Trying to Buy the Bible: Hobby Lobby
In July of this year, the U.S. Justice Department announced a settlement with Hobby Lobby, whereby the craft store chain agreed to turn over thousands of cuneiform tablets and other artifacts, mostly clay bullae, illegally smuggled out of the Middle East. They were shipped to Hobby Lobby, falsely marked as “samples.” This didn’t happen because Hobby Lobby wanted its customers to be able to pick up priceless ancient cuneiform tablets along with their scrapbooking supplies, but because its president, Steve Green, is also Chairman of the Board of The Museum of the Bible, scheduled to open in November. The priceless artifacts of someone else’s culture were headed for his museum.
To be fair, there is no evidence that Hobby Lobby bought these valuable artifacts from ISIS, but they still did plenty of harm. They bought 5,500 artifacts that did not have a clean history. And, yes, their own expert warned them that the items were likely stolen. Still, in the further interest of fairness, the Eighth Commandment just says, “Thou shalt not steal.” It does not say, “Thou shalt not receive stolen property.” So Hobby Lobby may be okay with God, and with Steve Green’s personal conscience. Just not with the U.S. Department of Justice.

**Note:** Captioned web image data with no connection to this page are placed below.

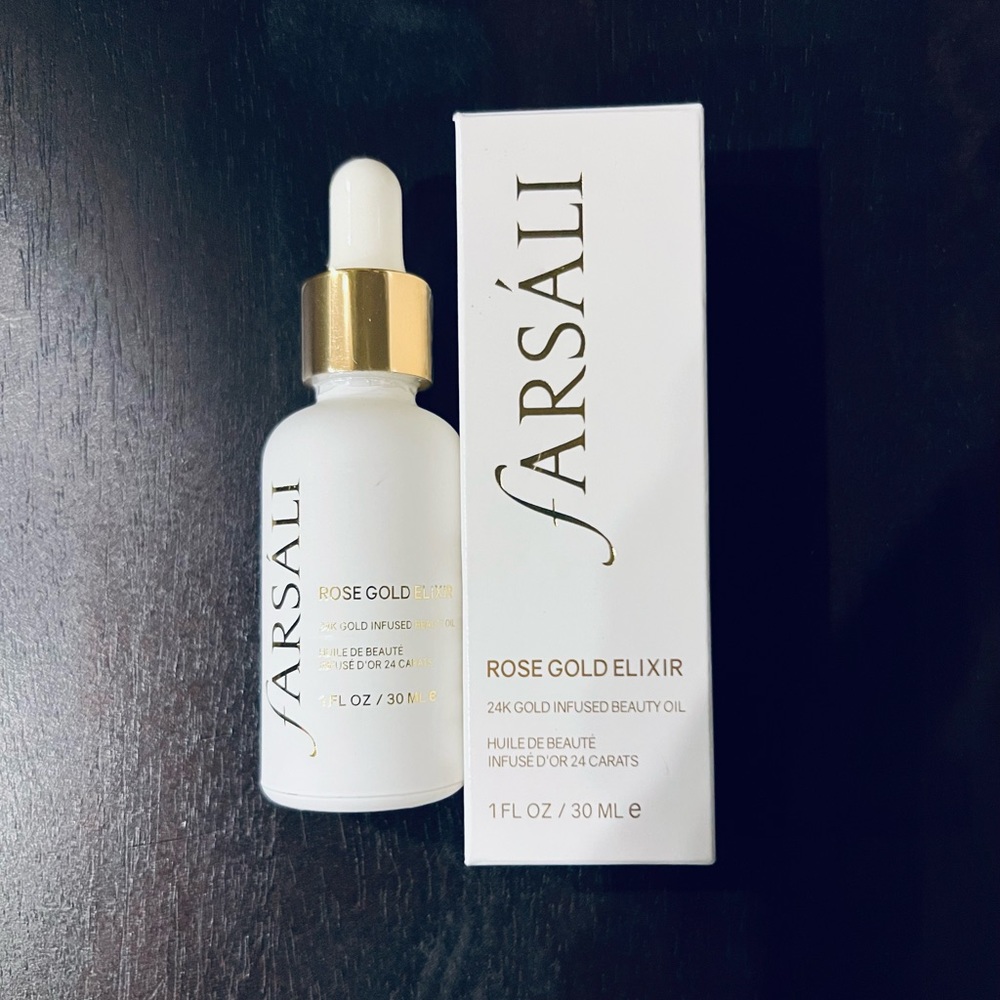 FARSALI Rose Gold Elixer 24K Gold Beauty Oil 1 oz Full Size NIB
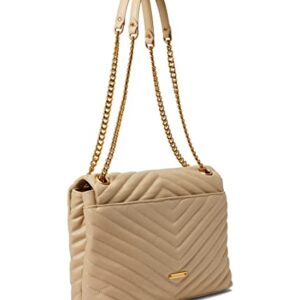 Rebecca Minkoff Edie Flap Shoulder Latte One Size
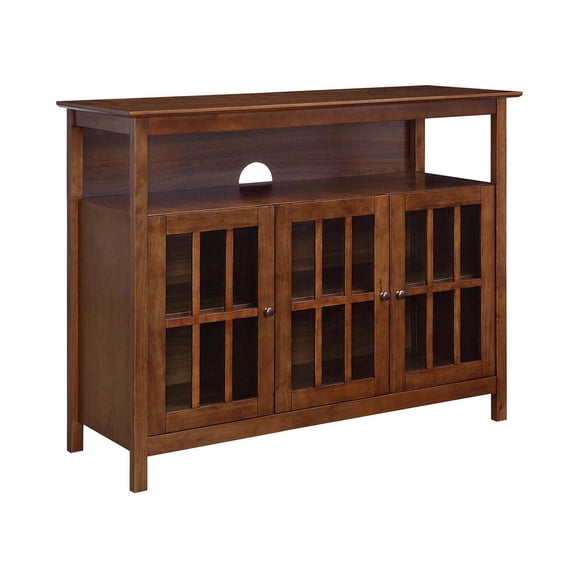 FurniFact Stylish TV Stand with Storage Cabinets and Shelf for TVs up to 55 Inches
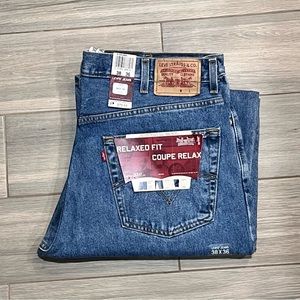 VTG 2005 Levi’s 550 Men’s W38/L36 Relaxed Denim Medium Wash Blue Jeans NWT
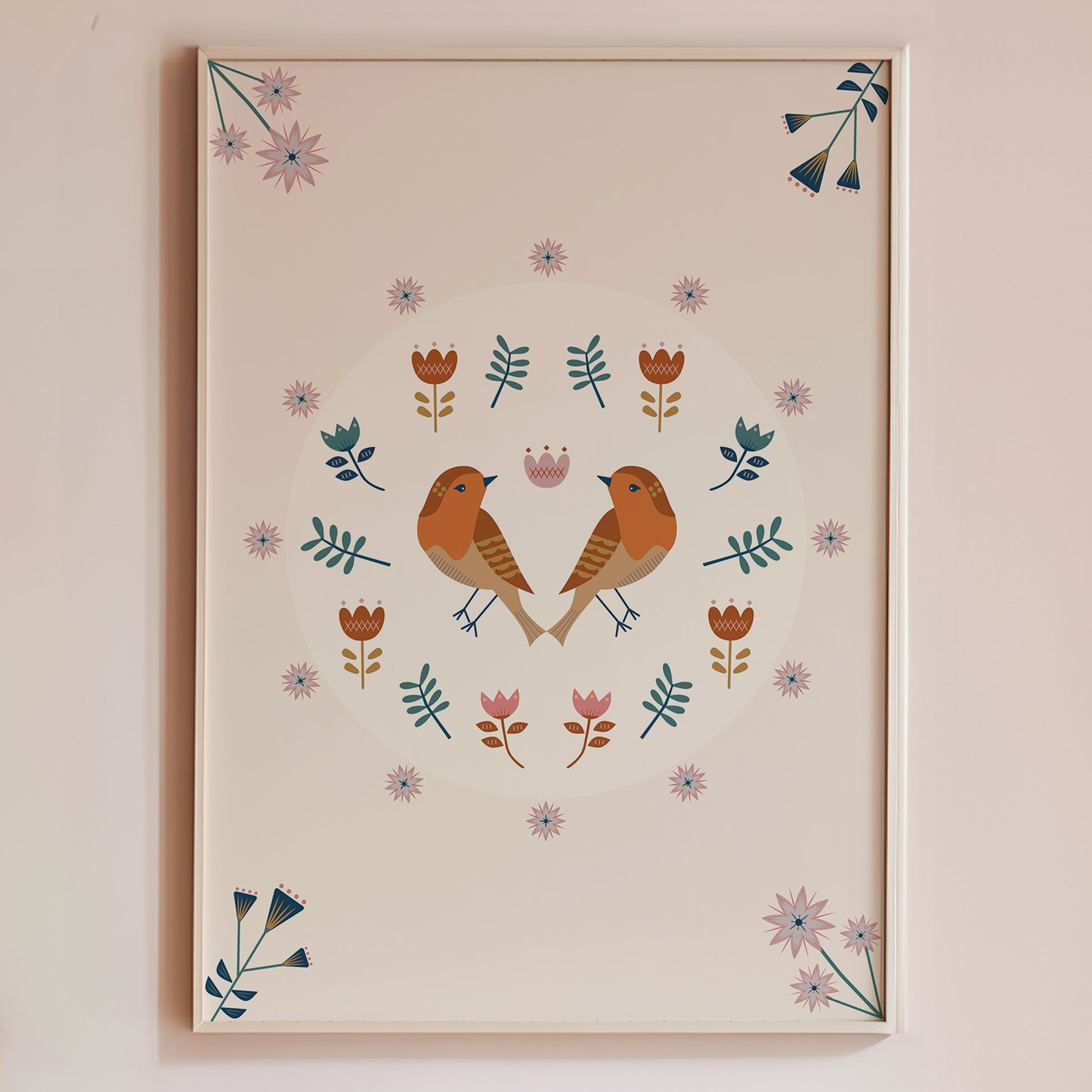 Storybook-inspired eco-friendly art print for imaginative children’s spaces.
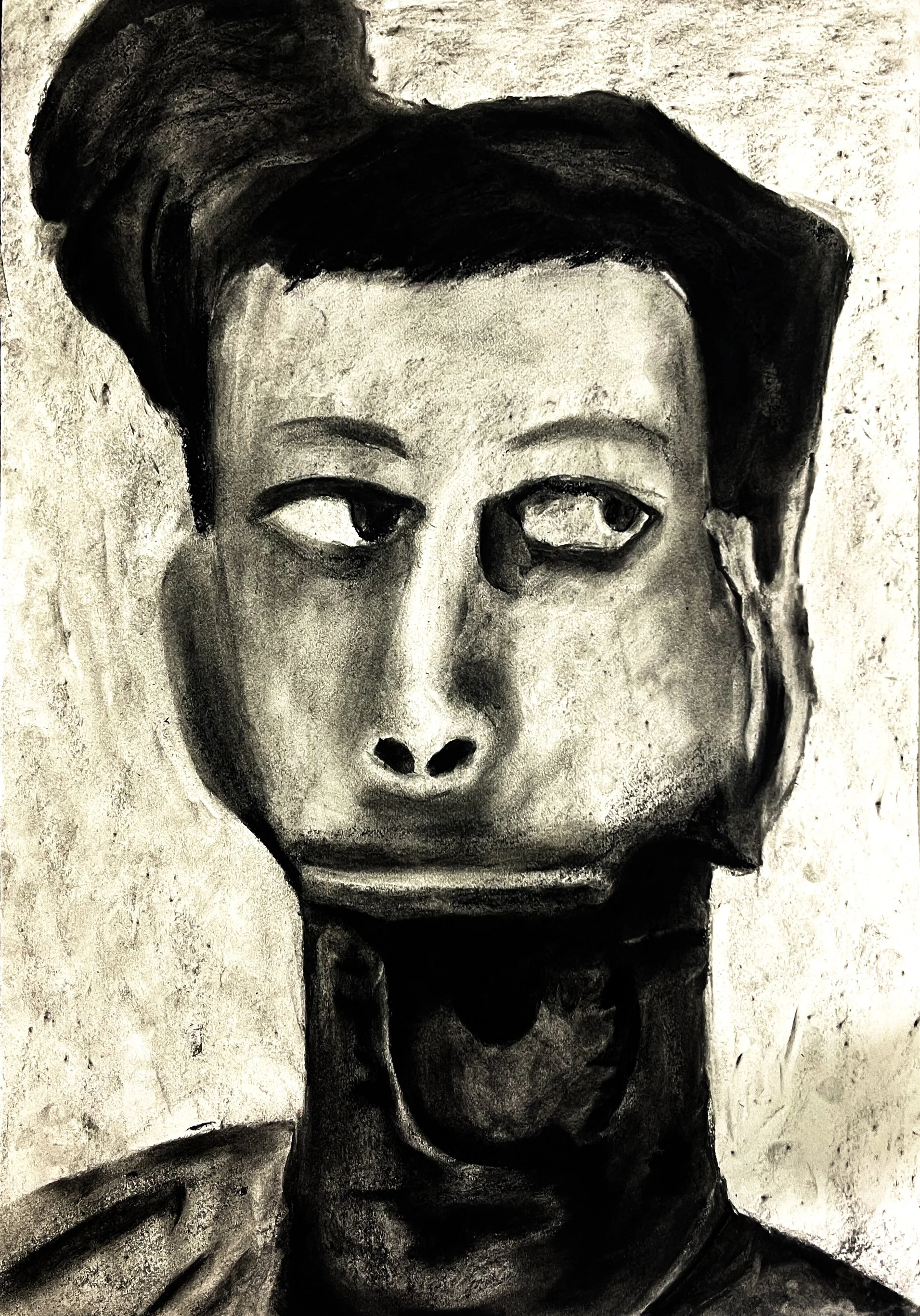 Radithor II (2023) Charcoal on paper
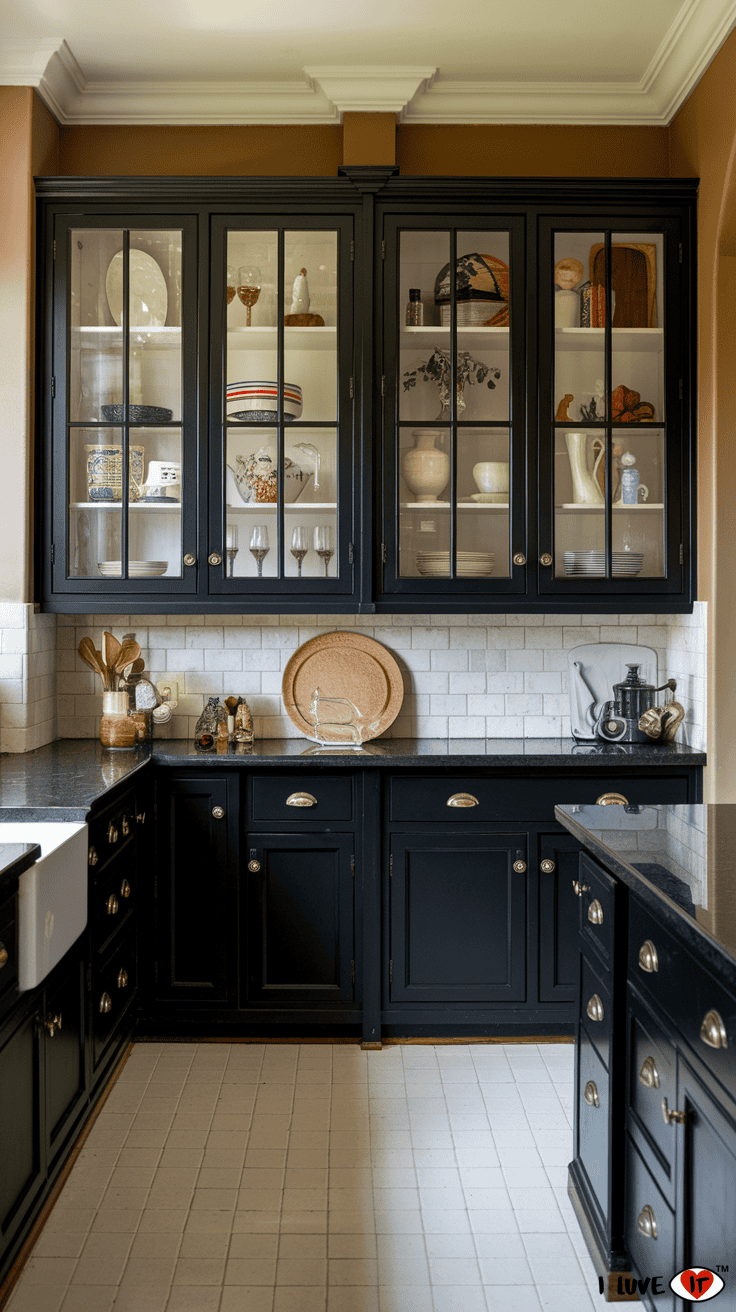 kitchen cabinets black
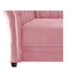 Sofá Recamier Decorativa Chesterfield Sofia Suede Rosa Bebê Capitonê - Amarena Móveis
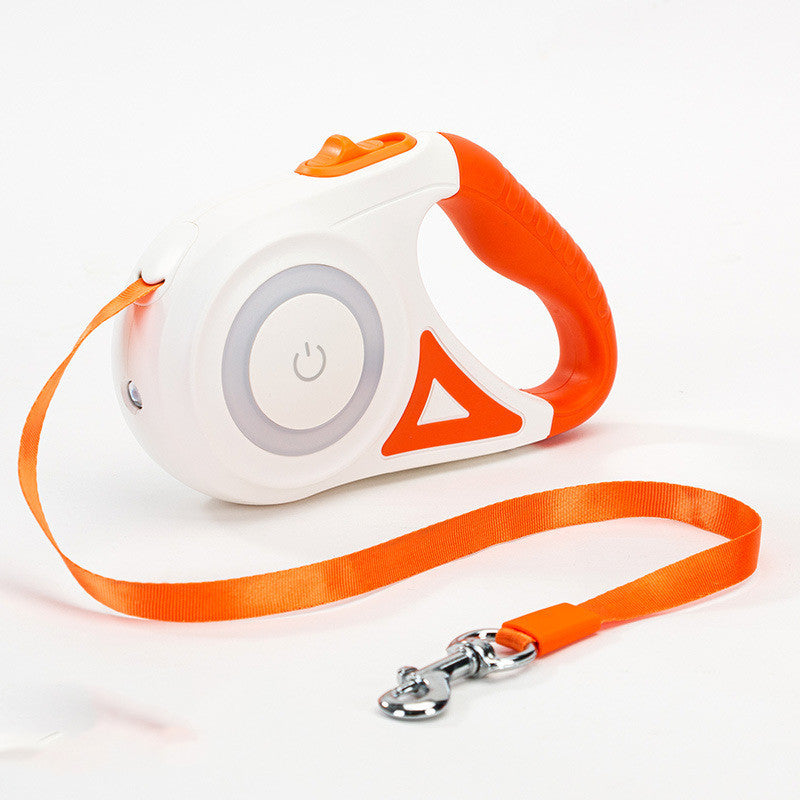 Retractable Leash And Dog Leash Dog Collar Spotlight Automatic Pet Dog Cat Traction Rope For Small Medium Dogs Pet Product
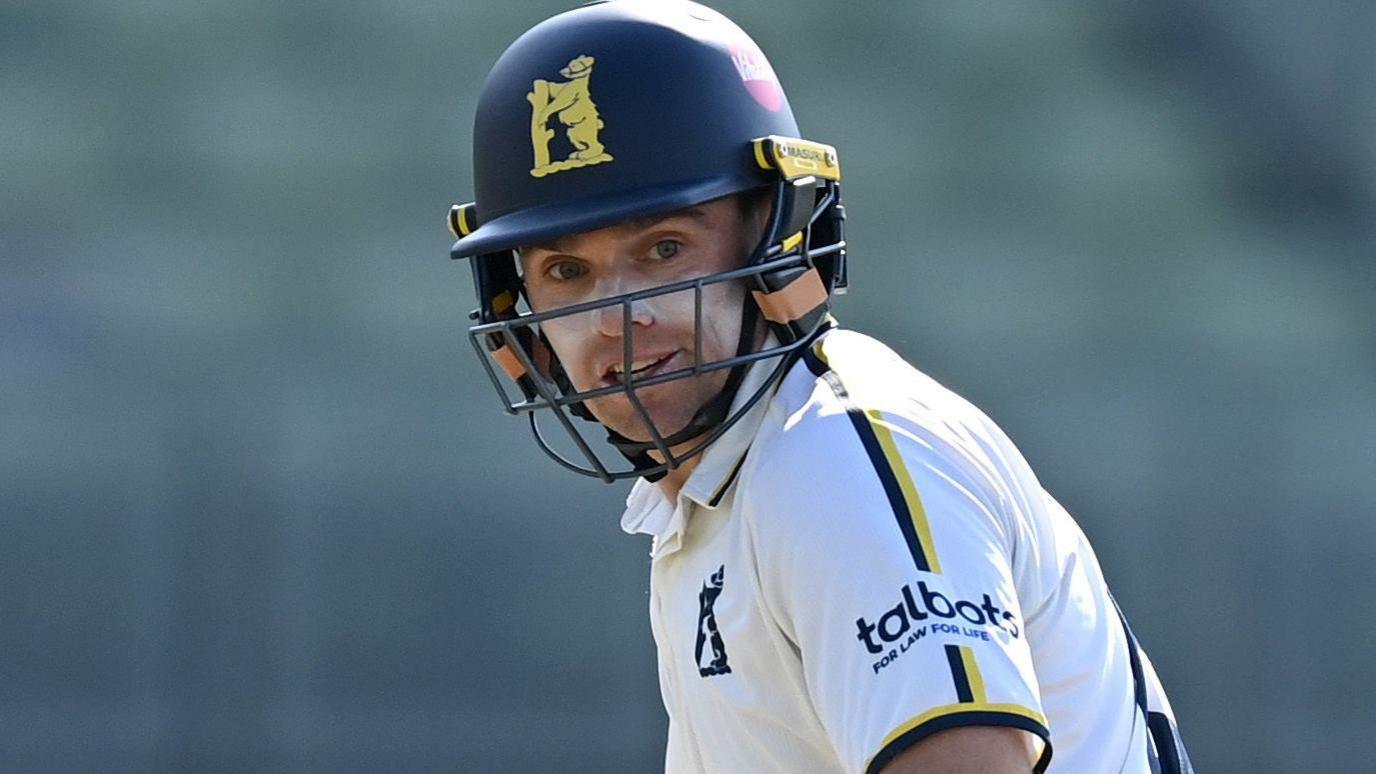 Tom Latham batting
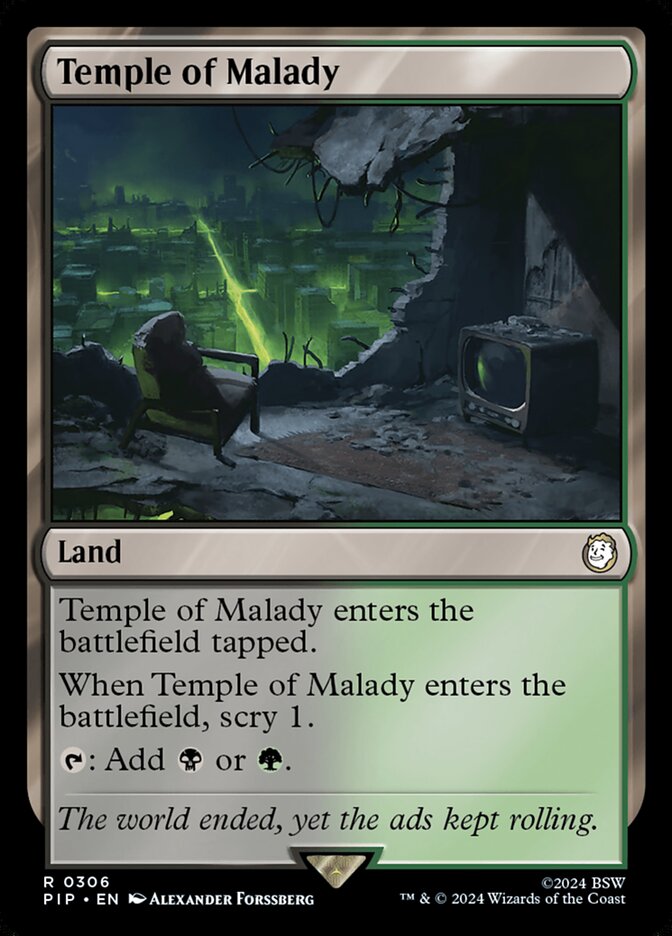 Temple of Malady 306 (Universes Beyond: Fallout)  | Good Games Adelaide SA
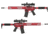 EMG F-1 Firearms BDR-15 3G AR15 Full Metal Airsoft AEG Training Rifle, Red/Tron, Large, BDR-RR-T 400 FPS
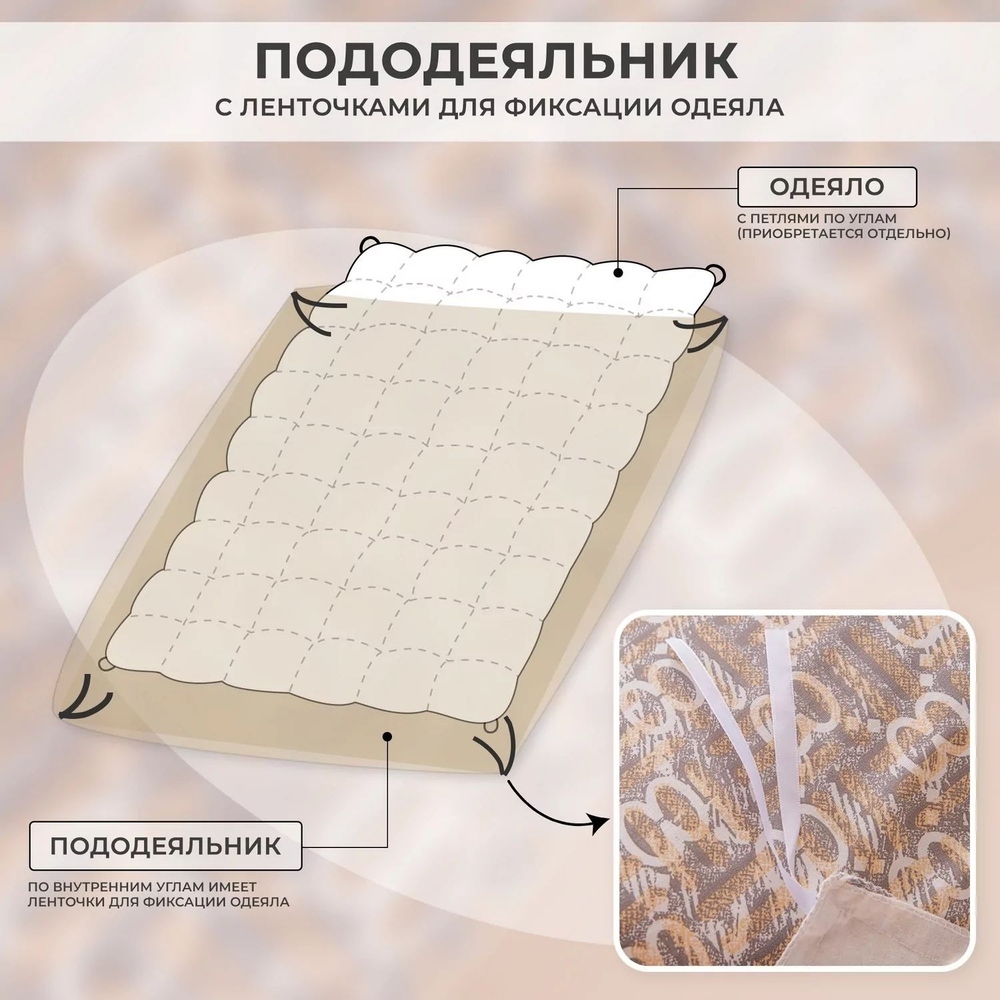 Комплект постельного белья 100% хлопок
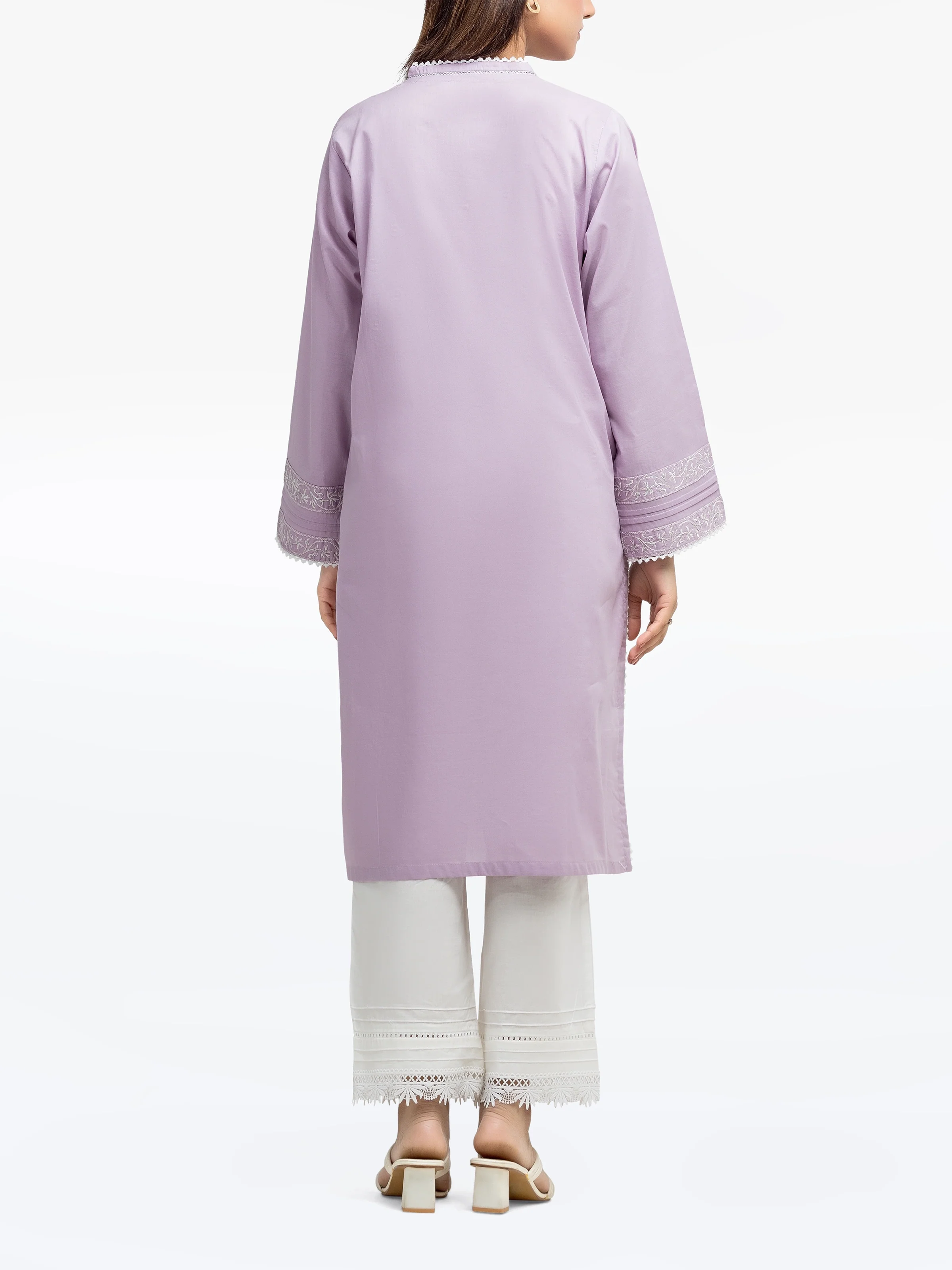 Pret Embroidered Cambric Shirt - EWTKE25-81601S - Image 6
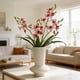 thumbnail image 4 of Artificial Cymbidium Orchid Faux Potted Plant Lifelike Silk Flowers Home Table Centerpiece Living Room Bedroom Hanging Garland Indoor Outdoor Decor, 4 of 6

But part of the lesson here is: The provenance didn’t matter to Steve Green. The facts didn’t matter. The warnings from the expert didn’t matter, and the mass killings didn’t matter, nor did the seizing of heritage from the rightful heirs.
Because what matters is possession. The control of the story. The ownership of the pieces.
The power to glorify or to destroy.
Further Resources
The map that Paul Reeves lusts after in You Belong to Me was made in the 1770s by British Army cartographer Bernard Ratzer. Turns out Ratzer was a real cartographer, and his maps are incredibly valuable. There are several in the Library of Congress collection.
The National Trust for Historic Preservation also weighed in on the Confederate statues controversy, with this statement and advice on how to proceed with Confederate statues.
Also interesting is a recent Medium article, Thoughts on Confederate Statues from a Southern White Male. I don’t personally know the writer or his credentials, but if his name really is Rhett McLaughlin, he’s got to be the real thing. Who but a Confederate mama would name a son Rhett?